** BRIEF **
Using the records below, write out again exactly the lines that begin at the line containing "Lot 525 - 5" and end at the line containing "2015 BMW 5 Series", and no other lines.

** RECORD EXTRACTS **
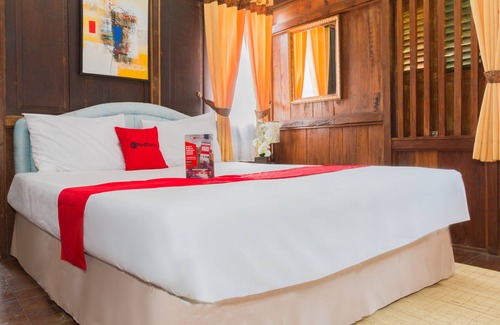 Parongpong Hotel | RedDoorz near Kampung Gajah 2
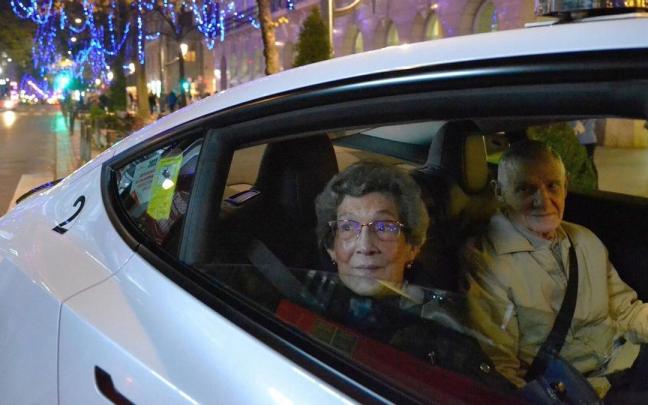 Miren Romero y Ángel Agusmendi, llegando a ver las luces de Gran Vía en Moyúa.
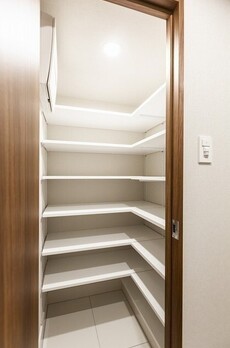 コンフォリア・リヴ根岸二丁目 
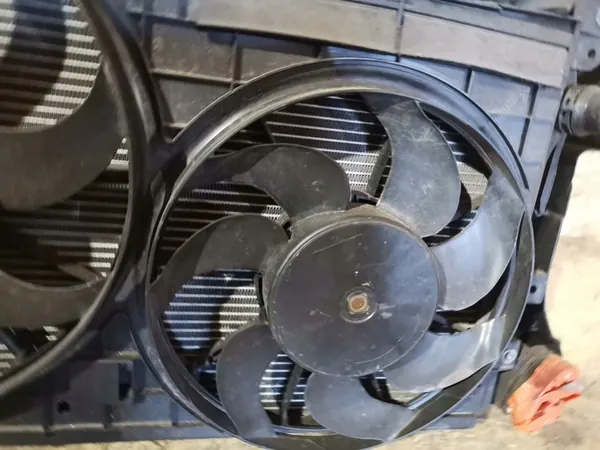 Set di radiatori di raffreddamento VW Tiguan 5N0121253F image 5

---

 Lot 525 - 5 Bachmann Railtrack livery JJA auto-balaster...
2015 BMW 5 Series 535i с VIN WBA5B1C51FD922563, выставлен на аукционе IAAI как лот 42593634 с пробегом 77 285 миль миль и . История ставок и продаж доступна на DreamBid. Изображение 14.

** ANSWER SPACE **
 Lot 525 - 5 Bachmann Railtrack livery JJA auto-balaster...
2015 BMW 5 Series 535i с VIN WBA5B1C51FD922563, выставлен на аукционе IAAI как лот 42593634 с пробегом 77 285 миль миль и . История ставок и продаж доступна на DreamBid. Изображение 14.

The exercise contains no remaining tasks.